What to work on: The expected answer is the set of lines in the data below between the line holding "25 Shanaway Rise, Hillcrest, Auckland" and the line holding "Marvel CP Apocalypse", inclusive, written out exactly.

*** Opening of Available data ***

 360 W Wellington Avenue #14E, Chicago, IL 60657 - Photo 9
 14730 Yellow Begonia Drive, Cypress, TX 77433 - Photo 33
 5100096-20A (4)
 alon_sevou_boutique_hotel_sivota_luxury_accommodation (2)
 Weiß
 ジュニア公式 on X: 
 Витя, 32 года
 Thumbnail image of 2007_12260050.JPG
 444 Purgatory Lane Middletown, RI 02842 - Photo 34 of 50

*** Close of Available data ***
*** Opening of Available data ***

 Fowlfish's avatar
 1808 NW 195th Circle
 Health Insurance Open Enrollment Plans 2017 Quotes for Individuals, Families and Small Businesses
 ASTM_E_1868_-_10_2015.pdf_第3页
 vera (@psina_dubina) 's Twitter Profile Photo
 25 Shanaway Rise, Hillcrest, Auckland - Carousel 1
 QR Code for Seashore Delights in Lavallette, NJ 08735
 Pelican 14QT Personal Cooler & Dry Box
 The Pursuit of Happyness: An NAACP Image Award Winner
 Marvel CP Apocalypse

*** Close of Available data ***
*** Opening of Available data ***

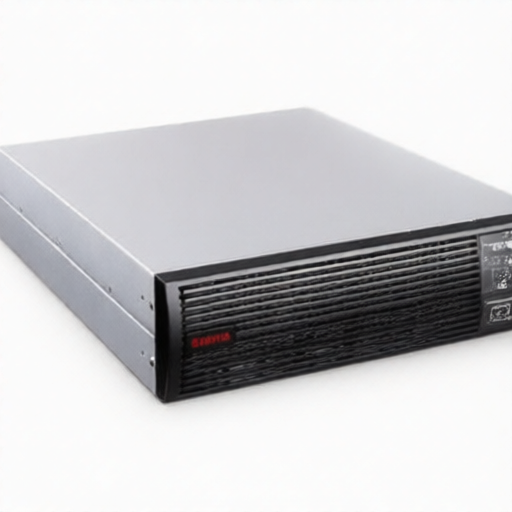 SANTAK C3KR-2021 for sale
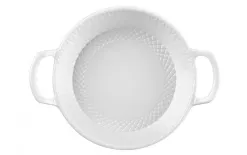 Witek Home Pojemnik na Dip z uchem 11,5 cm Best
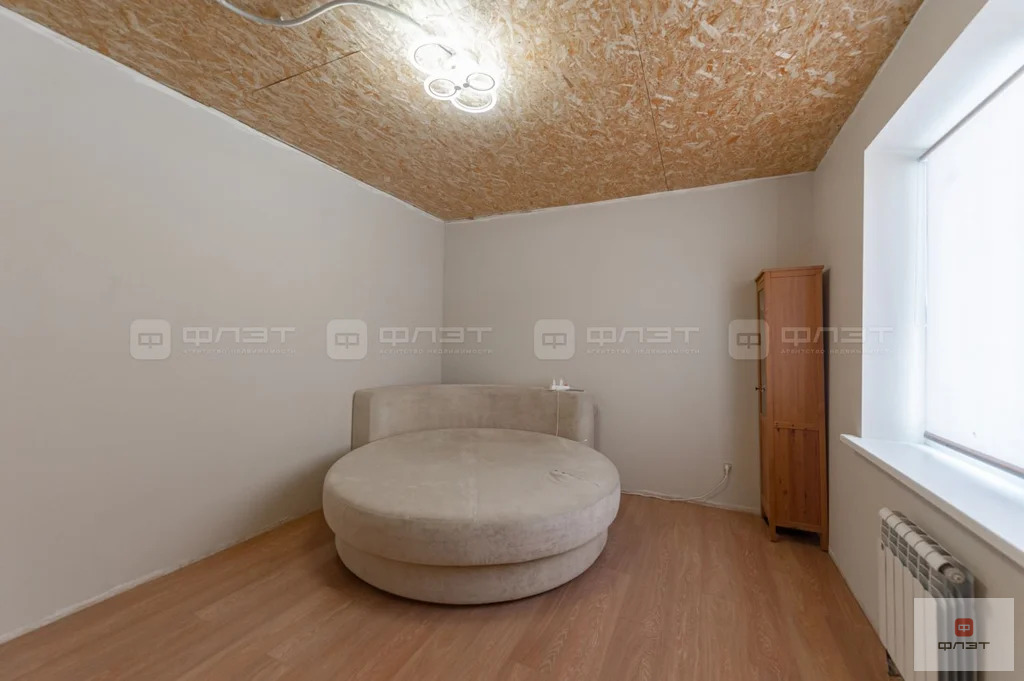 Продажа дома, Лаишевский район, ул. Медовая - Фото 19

*** Close of Available data ***

Solution to this problem:
 25 Shanaway Rise, Hillcrest, Auckland - Carousel 1
 QR Code for Seashore Delights in Lavallette, NJ 08735
 Pelican 14QT Personal Cooler & Dry Box
 The Pursuit of Happyness: An NAACP Image Award Winner
 Marvel CP Apocalypse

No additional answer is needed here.